## Action item
Please repeat only the lines below starting at the line that holds "Ingomar - 300M" and ending at the line that holds "Camille Callebaut medium", exactly, with both of those lines included and every picture omitted.

## Data shown
···
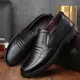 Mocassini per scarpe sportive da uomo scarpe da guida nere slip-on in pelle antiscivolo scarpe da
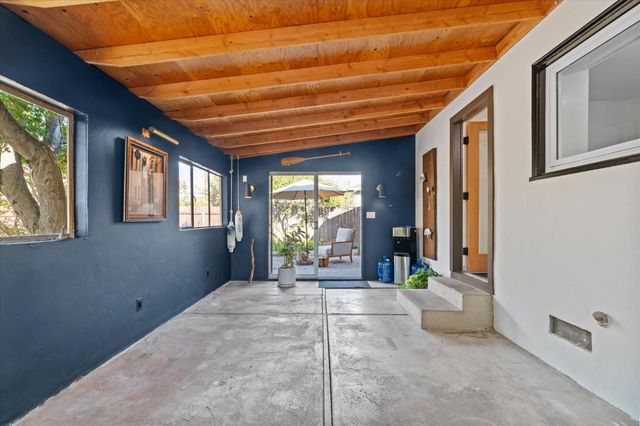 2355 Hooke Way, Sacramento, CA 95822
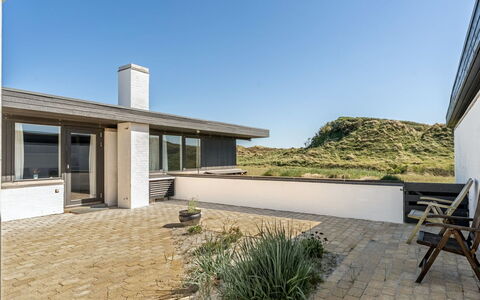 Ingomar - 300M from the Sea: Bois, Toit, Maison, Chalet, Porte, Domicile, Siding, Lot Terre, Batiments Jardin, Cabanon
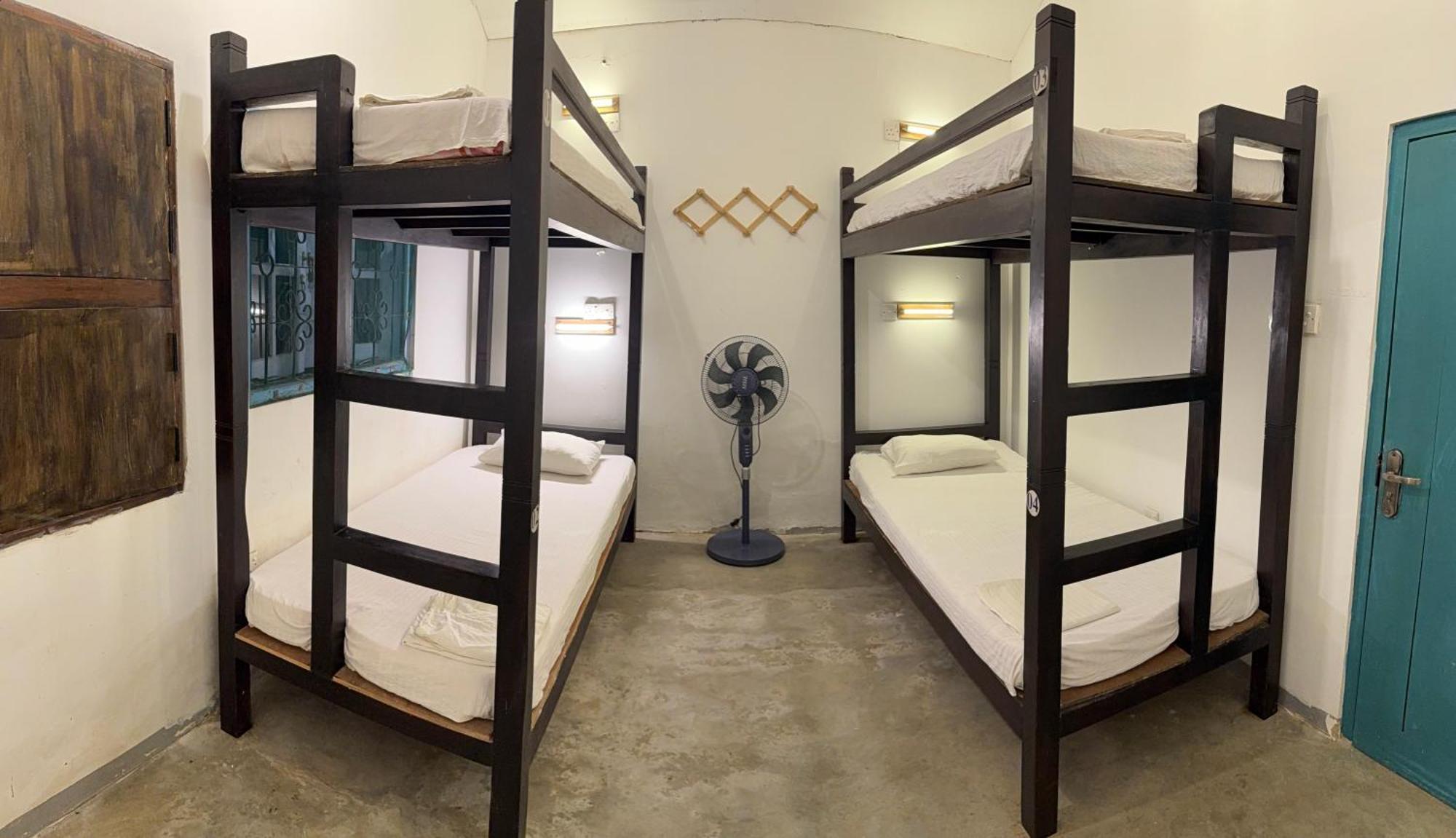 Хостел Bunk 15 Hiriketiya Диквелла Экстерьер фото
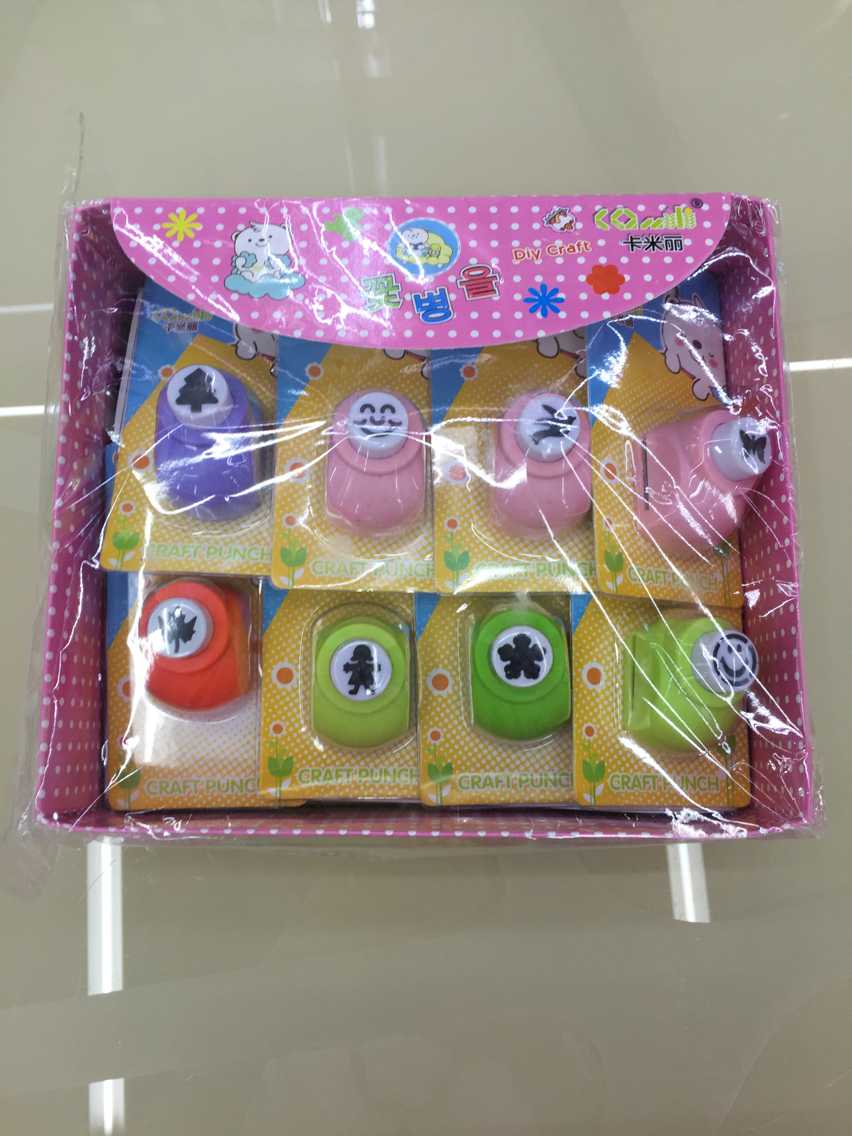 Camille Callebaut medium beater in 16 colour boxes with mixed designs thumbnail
···
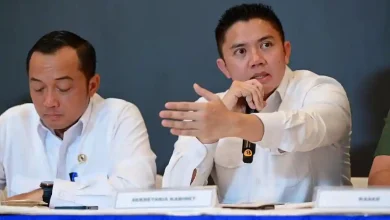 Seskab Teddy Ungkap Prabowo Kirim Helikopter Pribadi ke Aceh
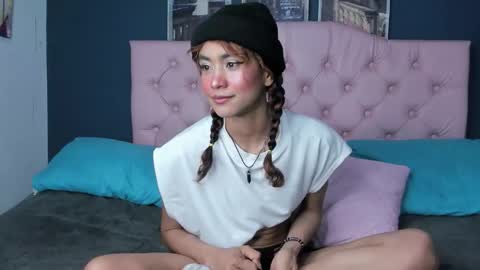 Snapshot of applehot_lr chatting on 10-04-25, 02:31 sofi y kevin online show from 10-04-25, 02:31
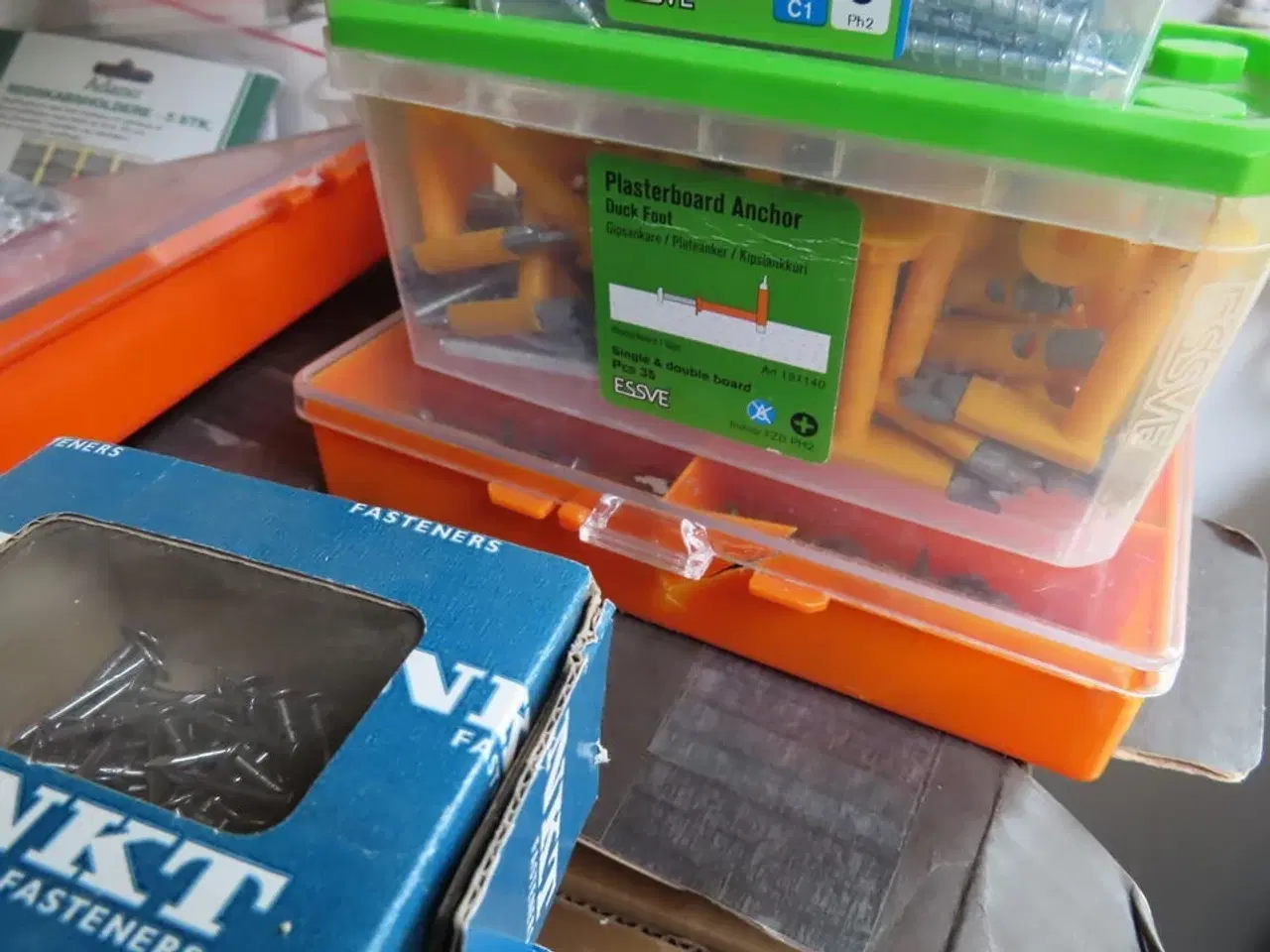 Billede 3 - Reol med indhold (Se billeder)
···
## Response to the task
 Ingomar - 300M from the Sea: Bois, Toit, Maison, Chalet, Porte, Domicile, Siding, Lot Terre, Batiments Jardin, Cabanon
 Хостел Bunk 15 Hiriketiya Диквелла Экстерьер фото
 Camille Callebaut medium beater in 16 colour boxes with mixed designs thumbnail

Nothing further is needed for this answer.